Mein Kommentar zum Meedia Vorwärts-Artikel

Heute veröffentlichte Meedia einen Artikel, der selbst in der nach unten offenen Meedia-Skala für mich neue Massstäbe setzte. Es ging um die App des SPD-Parteiblattes Vorwärts und seine Verbreitung.

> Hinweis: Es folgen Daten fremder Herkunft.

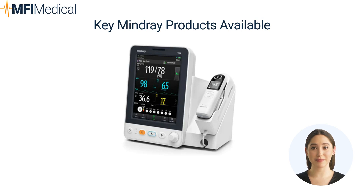Fourth, veterinary solutions. Mindray also extends its technological expertise to the veterinary field, offering specialized equipment for animal healthcare.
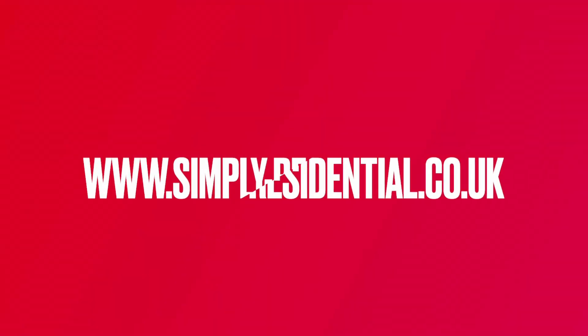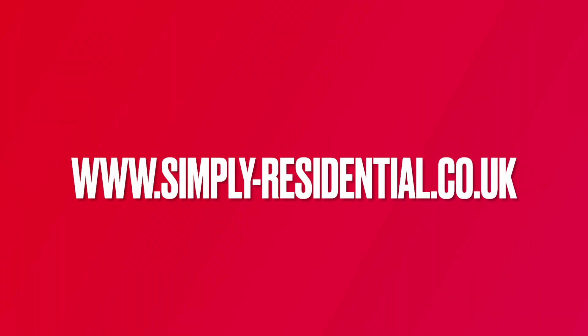Please note that we do not conduct in-person viewings until you have completed a pre-application. Pre-application forms are available via our website at www.simpli-residential.co.uk, where you can see full details and terms and conditions.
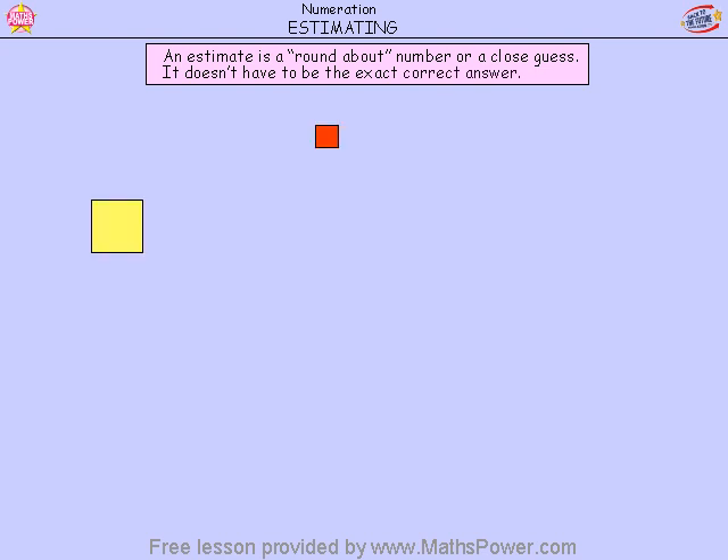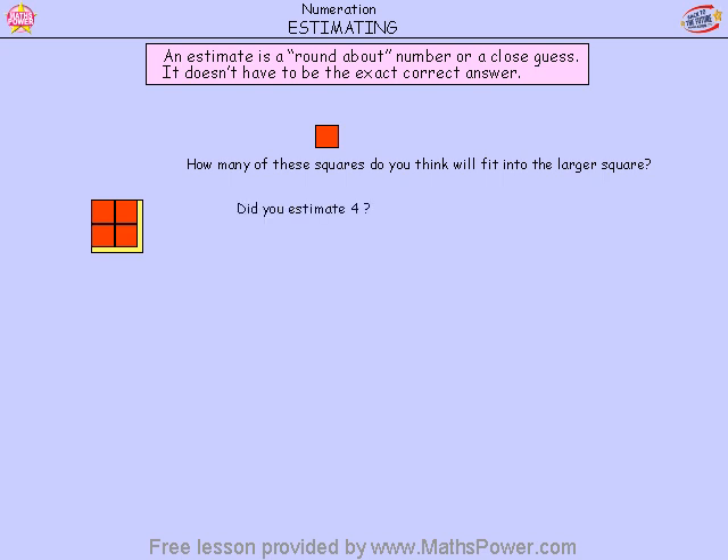Here are two squares, a small red square and a larger yellow square. How many of these squares do you think will fit into the larger square? One, two, three, four. Now we haven't completely filled up the yellow square, but no more squares will fit in. Did you estimate four? Excellent.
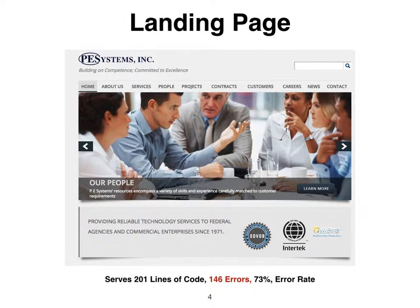The landing page is where all website visits start. This landing page serves a 73% error rate, resulting in a 45% bounce rate of visits that exit in 1-2 seconds.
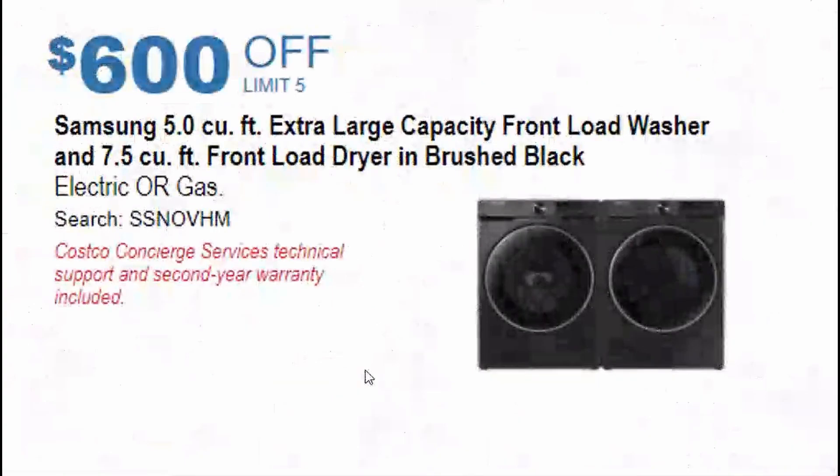Finally, the best deal — though the exact price isn't confirmed yet — is $600 off on the Samsung 5 cubic foot extra-large capacity front-load washer and dryer set. We'll know the exact price around November 1st, but this is a tremendous deal.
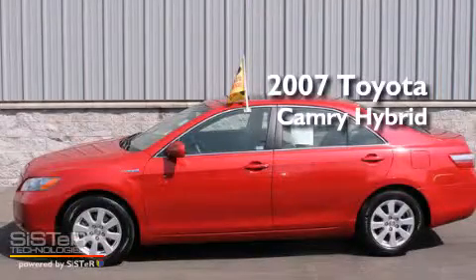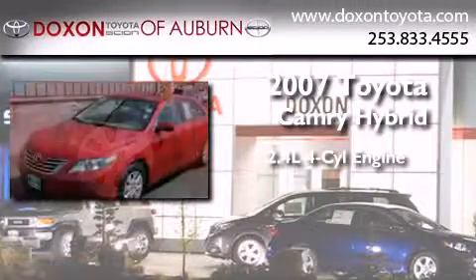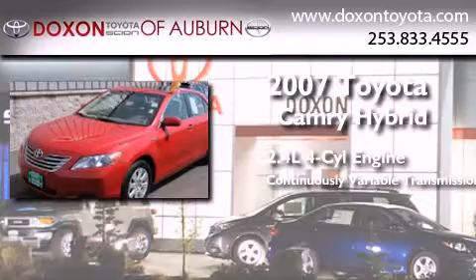This is a certified Breon 2007 Toyota Camry Hybrid. It features a 2.4-liter, four-cylinder engine and a continuous variable transmission.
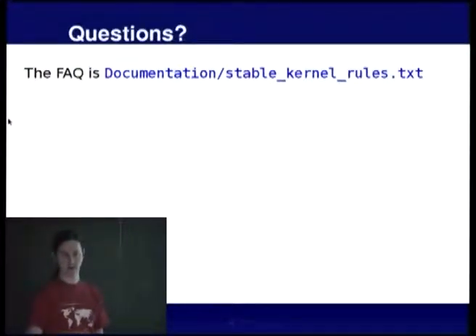The documentation in the kernel source tree is kind of the FAQ for stable updates. Does anyone else have questions?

Media titelt: SPD-Blatt Vorwärts umgeht Apples Appstore.  Es folgen dann Ausführungen wie:

Das Kuriose daran: Die Berliner vorwärts Verlagsgesellschaft hat es geschafft, die Apps an Apple vorbeizuschleusen. Denn im Appstore selbst ist die Software nicht auffindbar. Dieser Modus ist eigentlich nur zu Testzwecken in kleiner Runde und nicht für die breite Masse gedacht und weist Sicherheitsmängel auf.

 

Das ganze war  in Summe so unsäglich, dass ich zum ersten Mal einen Kommentar bei Meedia hinterlassen. Und zwar folgenden:

Leider ist so ziemlich alles an diesem Artikel falsch:

Offensichtlich nutzt nicht den Ad-Hoc Build (denn dann müssten sie die Geräte-IDs (UDIDs) der Geräte kennen auf denen die App installiert wird (max. 100). Auch nicht wie im Artikel suggeriert wird eine Web-App (a la Financial Times) sondern eine native iOS App.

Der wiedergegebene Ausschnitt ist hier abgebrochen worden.